The memory footprint could also be considered a point, but these days that's becoming more and more insignificant. I don't have a 486 w/ 12MB anymore. :-)

-- Steve

by Anonymous (not verified)

> - I can't ask it that $DISPLAY is; rxvt can tell me.

I don't understand what you mean. Asking within a program what environment variables are set?

by Steve (not verified)

It's not asking what environment variables are set directly. You probably know that you can do things like set the terminal title by echoing a command sequence. There are similar sequences for moving the cursor, setting colours, asking the terminal about itself and so on. One such sequence (^[[7n) will cause rxvt to write the name of the display it's on back to stdin, which you can read in and use to set $DISPLAY. You can configure rxvt (in the source) to give you either the hostname of the IP address.

It's a very nifty feature for those of us who use remote X apps. I'd very much like to have this in konsole as an option (disabled by default though).

-- Steve

by Anonymous (not verified)

If you really want to have a feature then please file a wishlist entry at http://bugs.kde.org.

by Fred (not verified)

I really like konsole but have to agree on the fact is it quite slow. It's not a problem normally, but the testbed for my programming project takes about 20 seconds to run in xterm and 35 seconds to run in konsole. It spits out a lot of debug text on the way, so konsole appears to be much slower in displaying it. In xterm, it just whizzes by. I'd rather use konsole, but for this instance the time really adds up and I am forced to use the more primitive xterm instead.

by Ian Monroe (not verified)

Sounds like something is wrong since obviously your choice of console shouldn't change what the environment variables are.

And you can't have your cake and eat it too. Scrolling takes a long time because of the anti-aliasing. When I'm doing large compiles I usually minimize Konsole since all that text scrolling by can take a chunk of CPU.

by Anonymous (not verified)

Try to use a non-antialiased bitmap font.

by Fred (not verified)

But then it will look ugly like xterm. :)

Couldn't the programmers implement something where it would be more conservative about how much text is displayed? My program spits out screens of data, so fast that you cannot read it. The only thing I need to know is that it is streaming out text (i.e. it hasn't stopped moving). Like a frames per second limiter or something.

by Steve (not verified)

This is a good idea.

What I could imagine is a jump-scroll mode, where instead of trying to scroll through everything, the konsole jumps to the bottom of what is visible, and just renders that.

If rendering the scrollable part (offscreen) means that this wouldn't help much, maybe limiting the scroll refresh to every 100ms or so and then jumping to the bottom would help. I've not looked at the konsole source, but I would guess they use a QTextSomething, and that that would only render the visible part - so doing the jump thing could be quite effective.

-- Steve

by Duncan (not verified)

I've noticed it is slow on scrolling as well. The effect becomes more noticable when Konsole is displaying more text, however, so when I'm doing something like compiling a kernel or something, I shrink the konsole window down fairly small, and it the text whizes by as it normally does when I'm using a virtual console directly.

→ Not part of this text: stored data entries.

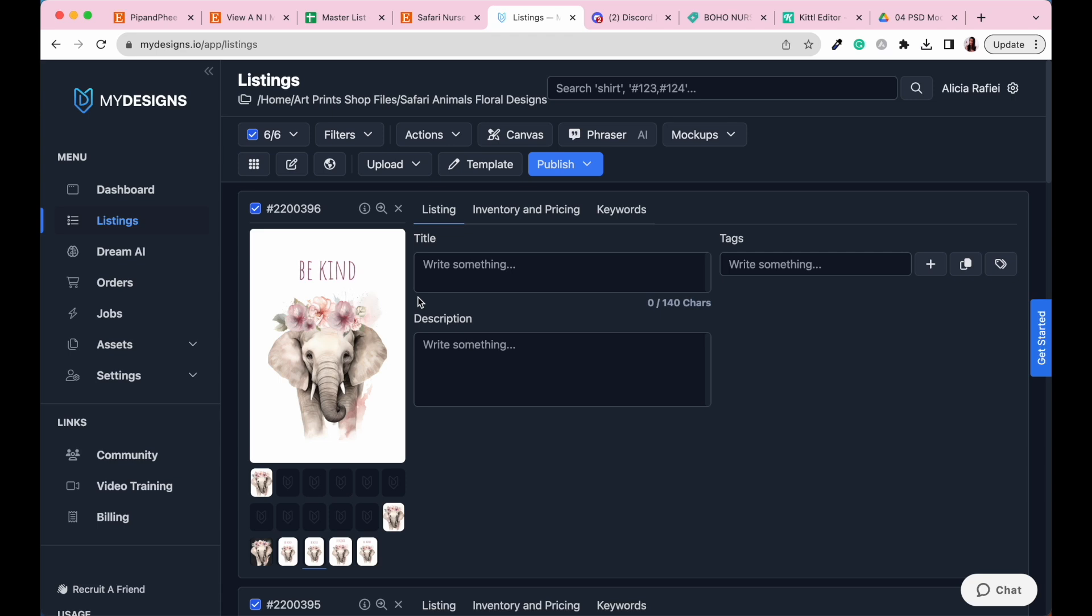So essentially, you've got everything that you need to actually sell these documents to your customers. But the great thing about My Designs is that it also helps you to create your mock-ups, and mock-ups are what's going to make your artworks absolutely shine in the Etsy marketplace. So in the next module and the next tutorials, I'm going to share with you how you can create your mock-ups to get your Etsy listings ready to go. I will catch you in the next video.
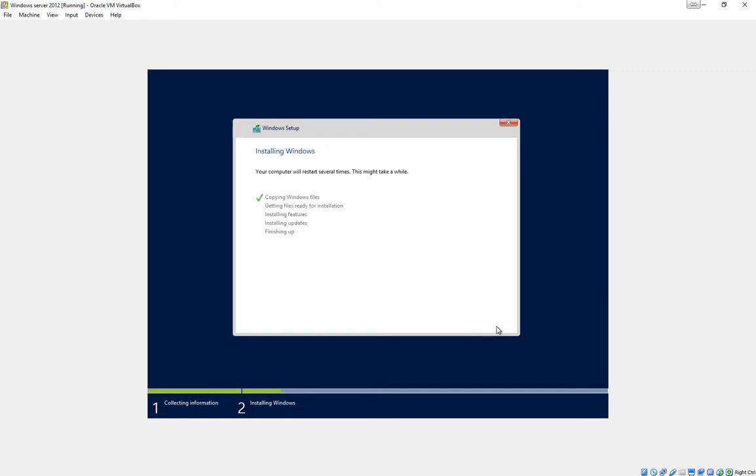We now have to wait for the machine to do several reboots and ask us some more questions. So I'll pause the video at this point.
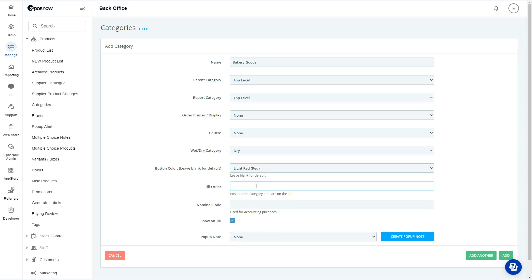A numbered value can be added to the till order to adjust what position this category is located on the ordering screen, and the nominal code added here for accounting purposes.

Duncan (who followed the link from LWN)

by Fred (not verified)

Can this not be fixed with programming though? In some of my circumstances, I found xterm was about 50% faster at displaying large quantities of scrolling text. I would rather use konsole here and minimizing the window is a hacky solution that would not be practical in general.

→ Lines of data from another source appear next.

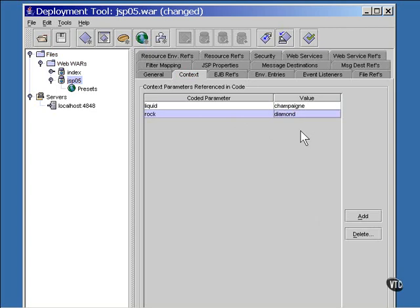Now this information is stored in the deployment descriptor file. That is the XML file that is included inside the war file. It's best to edit that file with the deployment tool because XML code is difficult to edit even on a good day, and the deployment tool will show it to you if you ask. On the tools menu, you bring up the descriptor view like this.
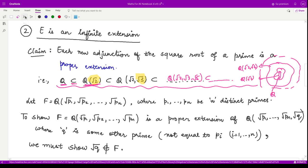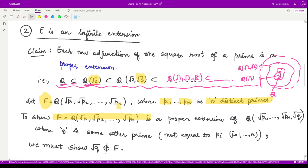To prove this claim, let us consider a field F defined as Q(√p₁, √p₂, …, √pₙ), where p₁, p₂, …, pₙ are n distinct primes. We have just named this field F. We want to show that a new field, formed by also adjoining √q (where q is a prime different from all p₁ through pₙ), is a proper extension of F.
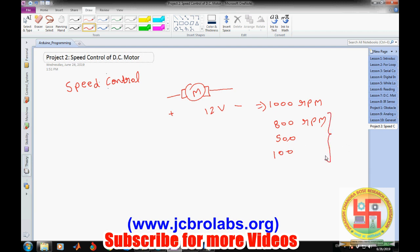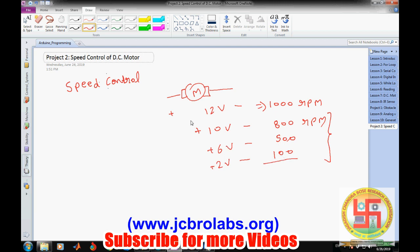The simplest way to get varying speed is by reducing the voltage. For example, applying 10 volts gives 800 RPM, 6 volts gives 500 RPM, and 12 volts gives 100 RPM. So by continuously changing the voltage applied across the DC motor, we can get varying speeds. In this project, we will apply different voltages and observe how the motor speed varies.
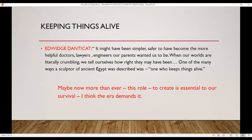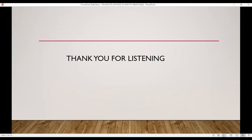On my last slide: it might have been simpler or safer to be a doctor, lawyer, or engineer — I'm sure you've heard this. This goes back to the whole notion of the role of the artist. For Danticat, she's very fascinated by ancient Egyptian culture, and she talks about how the sculptor in ancient Egypt was considered one who keeps things alive. I don't have answers to all of my questions, but I do think more than ever now, given the context of the pandemic and of the humanities, the role of the artist is to create — how we create and what it is we do to help society. I believe that the era demands it. Thank you very much for listening.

by Davy Durham (not verified)

Yep, I've noticed this too.. it's quite annoying.. rxvt is SO much faster.

It appears as tho konsole doesn't copy the part of the screen that is the same, then render the new part when scrolling text... it just redraws the whole thing. This is very expensive when antialias fonts are enabled.

by wfa (not verified)

great interview, and thanks to Mr. Diekmann and Mr. Doulle!